Health care is a very personal experience. When faced with an acute injury or disease where you need immediate comprehensive care or a chronic condition with ongoing care or medications, only then do you know if you have access to the specialists you need, can afford your medicines, and understand the costs of your premiums and deductibles.
Add to this the pace at which health care innovation is happening and it is difficult for the various health care stakeholders, including payers and providers, to keep up with it all. One example is in the treatment of cancer. The development of immunotherapy is changing the way cancer specialists are delivering care for their patients, yet the costs are astronomical. This can lead to inequities in care. It has been reported recently that patients are having to make tough decisions about keeping up with their drug regimens because of the financial strain.
As medicine continues to deliver better treatments and procedures, finding ways to get people access to care, as well as being able to afford their care, will become paramount.
The economic significance of health care to the Garden State is immense. New Jersey’s hospitals and health systems pumped $23.4 billion into the state’s economy in 2016, according to the New Jersey Hospital Association’s “2017 Hospitals Economic Impact Report,” putting it among the top five largest industries in the state.
Additionally, the NJHA’s report stated hospitals and health systems employed nearly 144,000, including more than 120,000 full-time jobs. The total payroll for all of the employees was roughly $9 billion in 2016, and these jobs generated $496 million in estimated state income tax, an increase from $8.7 billion and $483 million, respectively, in 2015.
Understanding the value it has to the state, is there a way to get the state’s health care stakeholders to find a way to communicate and understand each other’s challenges and address costs? Right now, the various health care stakeholders will acknowledge in private that elements of health care costs have gotten out of control, yet there is not much in the way of open dialogue between pharma, health systems and payers.

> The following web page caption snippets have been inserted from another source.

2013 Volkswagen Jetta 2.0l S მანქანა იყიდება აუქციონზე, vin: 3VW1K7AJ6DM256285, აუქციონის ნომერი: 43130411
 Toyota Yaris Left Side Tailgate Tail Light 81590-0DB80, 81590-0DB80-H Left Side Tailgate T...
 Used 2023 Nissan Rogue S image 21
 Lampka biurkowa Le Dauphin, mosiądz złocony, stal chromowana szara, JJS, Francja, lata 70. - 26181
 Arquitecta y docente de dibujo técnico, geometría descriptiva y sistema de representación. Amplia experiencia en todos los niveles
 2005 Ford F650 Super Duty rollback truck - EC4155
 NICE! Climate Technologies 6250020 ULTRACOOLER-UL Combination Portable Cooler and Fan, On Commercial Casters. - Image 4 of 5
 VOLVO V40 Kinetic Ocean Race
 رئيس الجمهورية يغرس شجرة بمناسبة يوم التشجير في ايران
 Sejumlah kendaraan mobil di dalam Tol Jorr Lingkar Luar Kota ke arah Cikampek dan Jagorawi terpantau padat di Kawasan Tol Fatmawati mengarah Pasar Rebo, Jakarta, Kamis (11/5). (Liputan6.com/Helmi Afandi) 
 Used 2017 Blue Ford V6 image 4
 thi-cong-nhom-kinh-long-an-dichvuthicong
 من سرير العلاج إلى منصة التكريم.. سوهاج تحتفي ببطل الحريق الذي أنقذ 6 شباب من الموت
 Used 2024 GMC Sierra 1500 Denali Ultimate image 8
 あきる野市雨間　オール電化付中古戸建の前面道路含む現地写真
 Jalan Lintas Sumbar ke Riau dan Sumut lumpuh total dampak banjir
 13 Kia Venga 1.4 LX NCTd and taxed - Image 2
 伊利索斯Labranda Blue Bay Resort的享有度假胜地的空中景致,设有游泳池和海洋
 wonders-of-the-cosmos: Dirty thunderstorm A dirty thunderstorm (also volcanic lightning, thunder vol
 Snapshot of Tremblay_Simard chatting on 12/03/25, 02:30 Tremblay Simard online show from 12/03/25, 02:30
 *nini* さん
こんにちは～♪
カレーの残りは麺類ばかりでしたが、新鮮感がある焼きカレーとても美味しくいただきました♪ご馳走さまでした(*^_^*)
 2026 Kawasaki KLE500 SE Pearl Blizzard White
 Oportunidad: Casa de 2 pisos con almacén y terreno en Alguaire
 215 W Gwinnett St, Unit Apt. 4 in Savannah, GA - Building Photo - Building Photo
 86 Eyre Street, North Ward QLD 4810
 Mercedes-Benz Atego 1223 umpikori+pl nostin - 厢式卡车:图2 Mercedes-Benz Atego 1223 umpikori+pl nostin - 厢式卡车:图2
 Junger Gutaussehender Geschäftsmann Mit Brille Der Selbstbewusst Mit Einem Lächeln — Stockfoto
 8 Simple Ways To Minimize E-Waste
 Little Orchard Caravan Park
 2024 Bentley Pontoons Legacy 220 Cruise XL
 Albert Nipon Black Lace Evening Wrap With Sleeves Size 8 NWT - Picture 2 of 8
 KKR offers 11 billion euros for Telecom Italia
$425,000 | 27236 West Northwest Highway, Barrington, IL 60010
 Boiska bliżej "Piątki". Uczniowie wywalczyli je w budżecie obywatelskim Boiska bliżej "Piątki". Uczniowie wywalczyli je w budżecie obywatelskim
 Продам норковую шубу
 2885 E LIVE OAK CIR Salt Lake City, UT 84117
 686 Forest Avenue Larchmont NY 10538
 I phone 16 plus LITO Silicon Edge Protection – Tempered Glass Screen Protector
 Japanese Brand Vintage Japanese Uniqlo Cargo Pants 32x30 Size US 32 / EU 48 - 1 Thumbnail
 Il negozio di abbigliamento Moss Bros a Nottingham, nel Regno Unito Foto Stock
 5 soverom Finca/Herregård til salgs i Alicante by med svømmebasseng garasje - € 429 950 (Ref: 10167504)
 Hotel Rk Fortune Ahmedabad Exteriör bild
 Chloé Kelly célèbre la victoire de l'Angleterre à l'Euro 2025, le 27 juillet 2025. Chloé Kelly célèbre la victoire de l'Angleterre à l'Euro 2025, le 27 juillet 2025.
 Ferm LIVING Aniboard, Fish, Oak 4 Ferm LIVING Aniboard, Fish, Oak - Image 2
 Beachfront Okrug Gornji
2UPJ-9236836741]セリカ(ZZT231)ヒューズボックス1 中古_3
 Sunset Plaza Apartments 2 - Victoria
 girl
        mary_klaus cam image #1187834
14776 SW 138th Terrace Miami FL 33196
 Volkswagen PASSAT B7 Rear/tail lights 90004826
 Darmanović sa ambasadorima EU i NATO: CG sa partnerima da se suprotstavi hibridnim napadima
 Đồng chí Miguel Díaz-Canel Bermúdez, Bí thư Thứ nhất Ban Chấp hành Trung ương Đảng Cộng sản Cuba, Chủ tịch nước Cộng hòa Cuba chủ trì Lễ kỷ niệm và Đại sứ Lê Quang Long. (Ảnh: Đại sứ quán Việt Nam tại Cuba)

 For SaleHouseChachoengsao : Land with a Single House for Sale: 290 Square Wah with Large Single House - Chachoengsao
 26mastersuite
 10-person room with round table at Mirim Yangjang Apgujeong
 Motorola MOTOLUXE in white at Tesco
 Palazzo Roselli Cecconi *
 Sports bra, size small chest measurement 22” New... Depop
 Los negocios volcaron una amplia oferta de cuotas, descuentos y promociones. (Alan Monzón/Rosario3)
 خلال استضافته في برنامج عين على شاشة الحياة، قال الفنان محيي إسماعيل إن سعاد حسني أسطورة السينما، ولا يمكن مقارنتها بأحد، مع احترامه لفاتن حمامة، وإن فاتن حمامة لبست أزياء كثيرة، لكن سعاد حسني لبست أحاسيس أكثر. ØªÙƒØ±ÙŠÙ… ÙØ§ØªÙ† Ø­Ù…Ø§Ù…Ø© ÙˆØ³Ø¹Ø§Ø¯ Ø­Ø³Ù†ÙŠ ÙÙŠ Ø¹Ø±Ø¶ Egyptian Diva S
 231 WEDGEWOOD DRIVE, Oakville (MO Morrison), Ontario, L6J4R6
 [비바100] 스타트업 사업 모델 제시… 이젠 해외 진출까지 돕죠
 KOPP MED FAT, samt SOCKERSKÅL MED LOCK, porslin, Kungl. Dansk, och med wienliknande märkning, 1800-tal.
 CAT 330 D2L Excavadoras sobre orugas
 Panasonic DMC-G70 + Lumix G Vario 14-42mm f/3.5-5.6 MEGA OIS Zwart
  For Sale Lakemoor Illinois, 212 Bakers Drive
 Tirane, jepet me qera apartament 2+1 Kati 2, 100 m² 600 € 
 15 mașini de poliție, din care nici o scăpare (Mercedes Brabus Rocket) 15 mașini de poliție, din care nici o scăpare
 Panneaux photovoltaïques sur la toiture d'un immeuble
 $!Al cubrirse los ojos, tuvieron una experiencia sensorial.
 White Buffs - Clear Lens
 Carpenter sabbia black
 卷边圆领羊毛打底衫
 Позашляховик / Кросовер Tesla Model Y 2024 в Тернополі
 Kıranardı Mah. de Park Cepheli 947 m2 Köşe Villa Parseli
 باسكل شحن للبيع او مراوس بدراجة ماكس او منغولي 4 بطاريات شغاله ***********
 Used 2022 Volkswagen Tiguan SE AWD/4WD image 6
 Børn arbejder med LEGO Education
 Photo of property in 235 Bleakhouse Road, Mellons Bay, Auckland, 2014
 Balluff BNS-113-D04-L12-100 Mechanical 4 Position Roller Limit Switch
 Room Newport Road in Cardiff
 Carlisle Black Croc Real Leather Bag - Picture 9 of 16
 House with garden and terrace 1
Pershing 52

This lack of communication across these different health care silos is just allowing the inertia to continue. So, how do we get everyone talking?
How about a panel made up of retired health care CEOs? Veterans of their respective industries can bring gravitas to the discussion, and can be candid in their dialogue. At the very least, this can be the beginning of a discussion that can lead to innovative solutions to controlling costs.
As we are a country of invention, let’s find those methods to be able to continue to deliver a high level of care but do so in a way so that everyone’s personal experience with health care is an equal one.